◆ **Required action**
Could you copy exactly the lines below from the one with "Vente Immeuble 153 m² Roche-la-Molière 42230" to the one with "Alternator FOR Peugeot", inclusive, leaving out any pictures?
[Available data Boundary: Start]
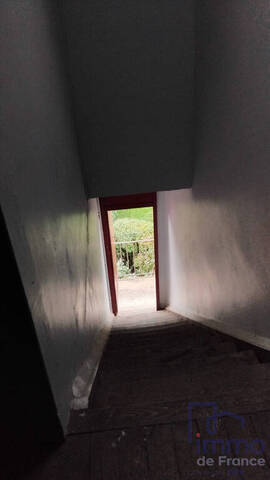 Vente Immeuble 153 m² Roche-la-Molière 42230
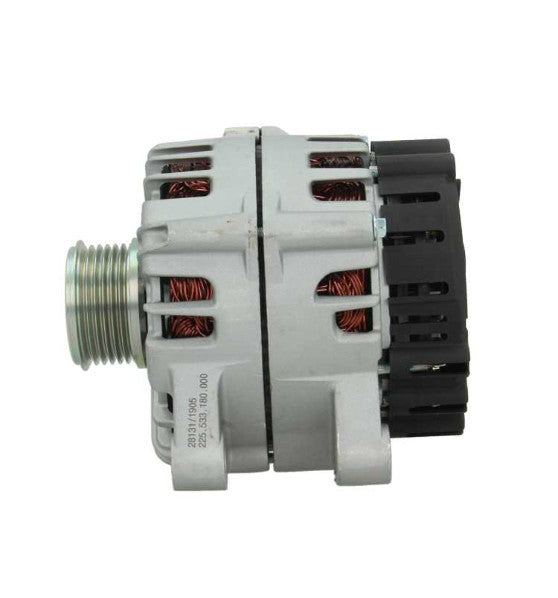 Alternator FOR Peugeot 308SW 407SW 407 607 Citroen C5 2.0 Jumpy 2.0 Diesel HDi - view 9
[Available data Boundary: End]
[Available data Boundary: Start]
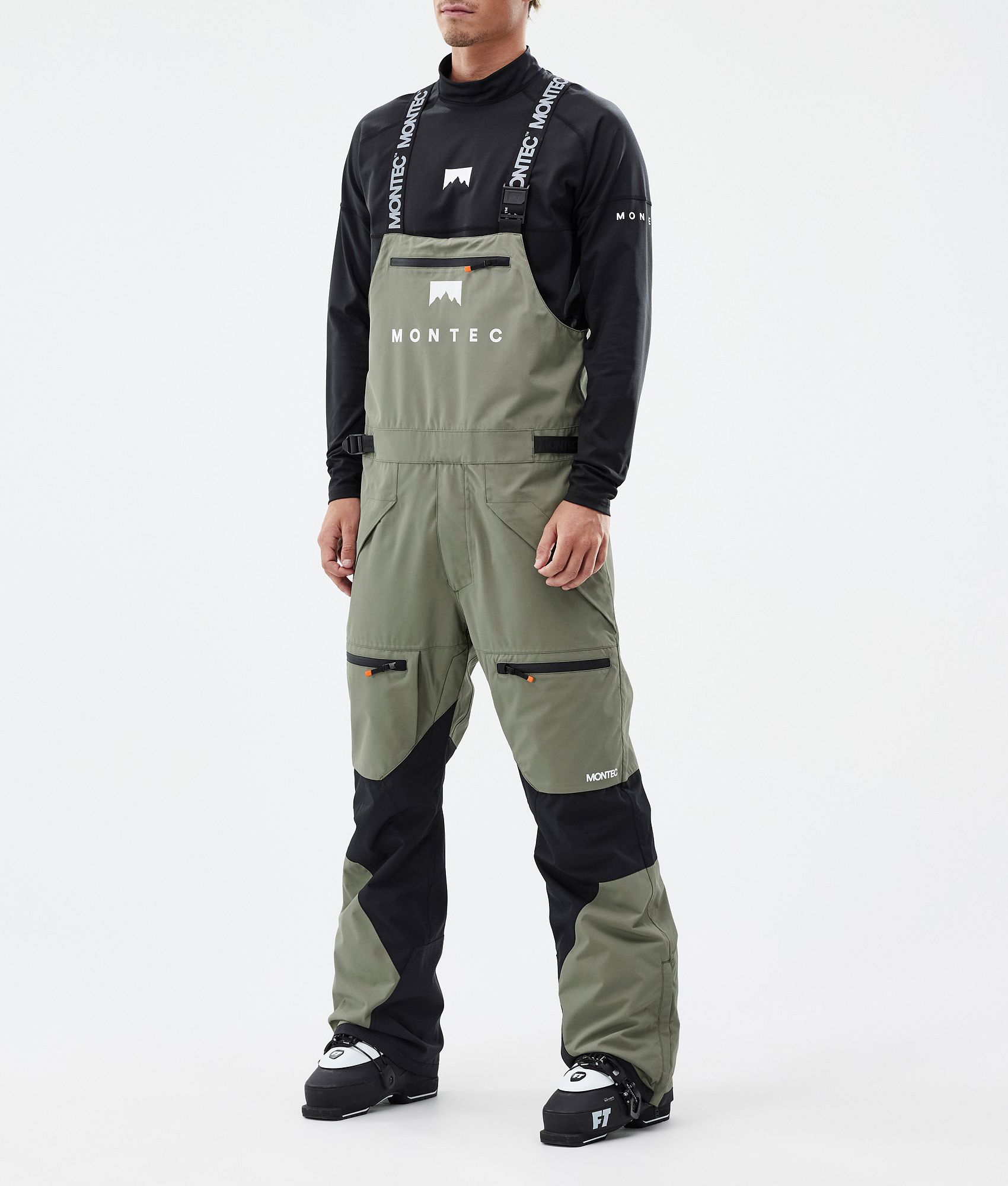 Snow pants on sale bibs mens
[Available data Boundary: End]
[Available data Boundary: Start]
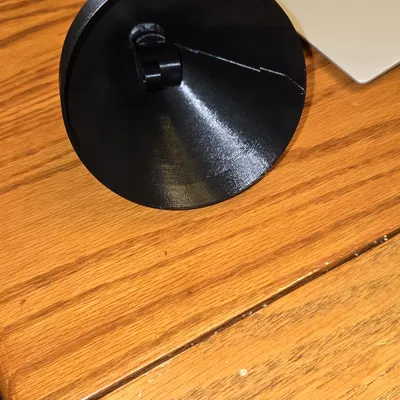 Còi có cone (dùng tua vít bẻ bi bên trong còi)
[Available data Boundary: End]
◆ **The completed task**
 Vente Immeuble 153 m² Roche-la-Molière 42230
 Alternator FOR Peugeot 308SW 407SW 407 607 Citroen C5 2.0 Jumpy 2.0 Diesel HDi - view 9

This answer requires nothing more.